Activity: Give again, word for word, each line of the data from the first through the one containing "You must submit". Pictures stay out.

Input data:
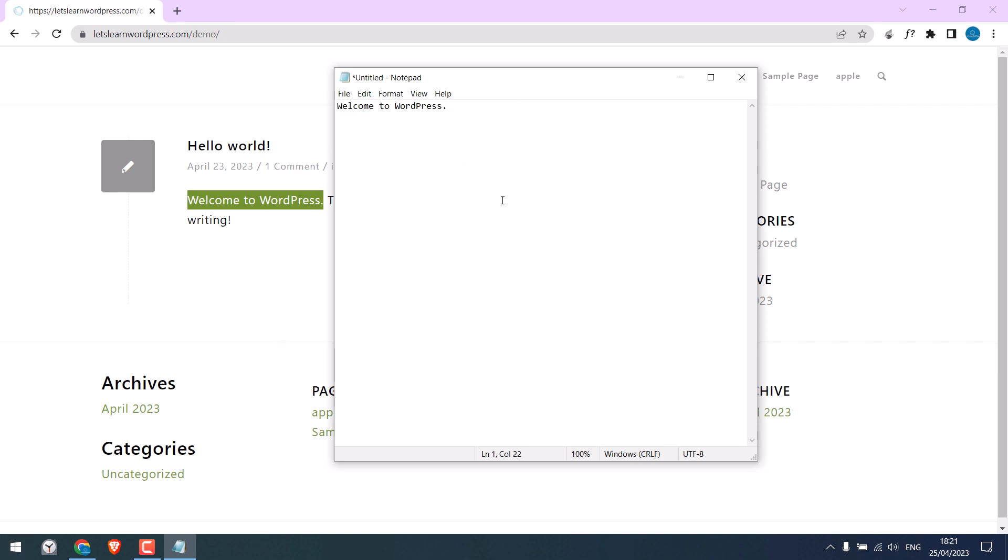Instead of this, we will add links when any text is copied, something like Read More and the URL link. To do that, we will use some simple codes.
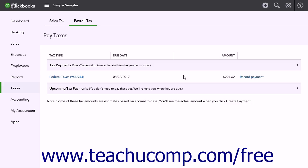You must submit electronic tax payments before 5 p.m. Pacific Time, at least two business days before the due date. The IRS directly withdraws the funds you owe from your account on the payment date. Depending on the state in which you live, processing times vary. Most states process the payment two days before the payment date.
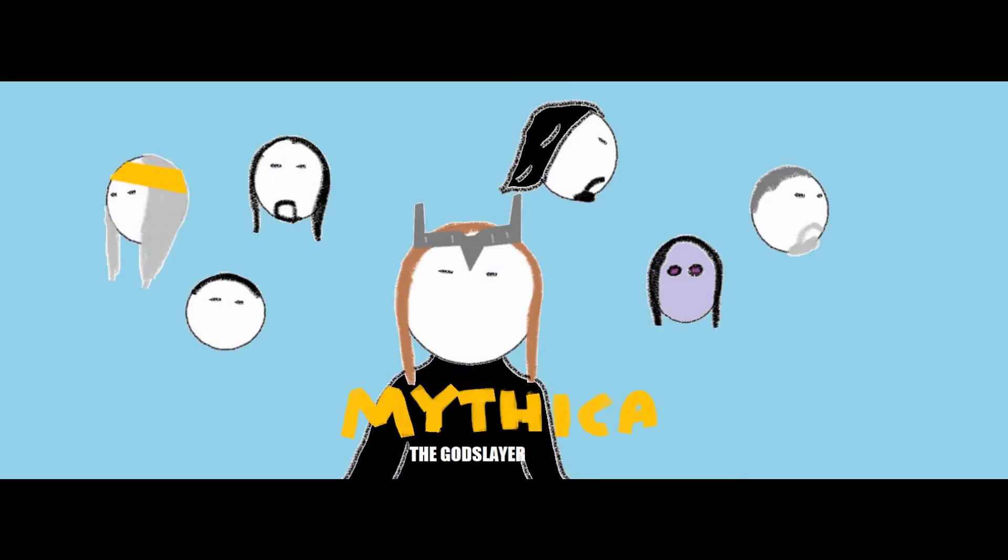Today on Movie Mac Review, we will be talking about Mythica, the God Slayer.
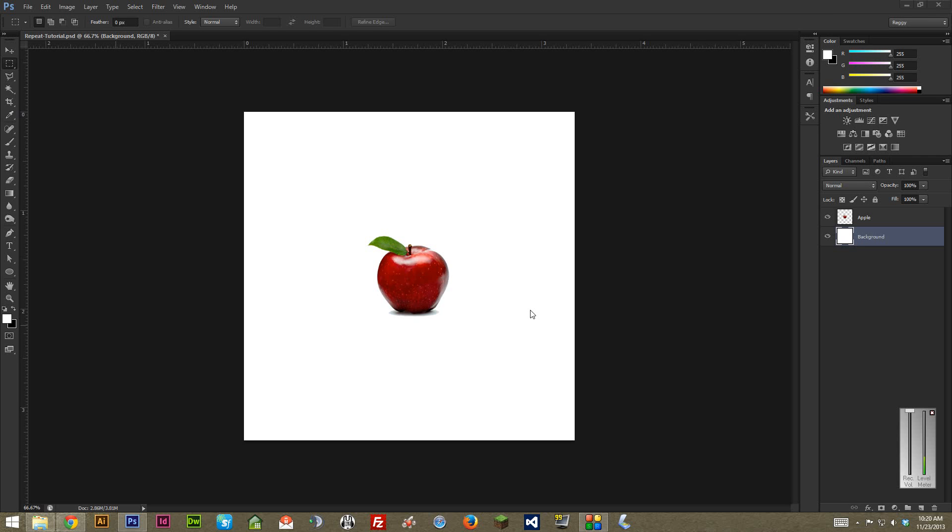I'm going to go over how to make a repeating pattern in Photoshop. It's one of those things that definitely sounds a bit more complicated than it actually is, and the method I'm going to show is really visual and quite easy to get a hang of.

Result of the exercise:
Instead of this, we will add links when any text is copied, something like Read More and the URL link. To do that, we will use some simple codes.
You must submit electronic tax payments before 5 p.m. Pacific Time, at least two business days before the due date. The IRS directly withdraws the funds you owe from your account on the payment date. Depending on the state in which you live, processing times vary. Most states process the payment two days before the payment date.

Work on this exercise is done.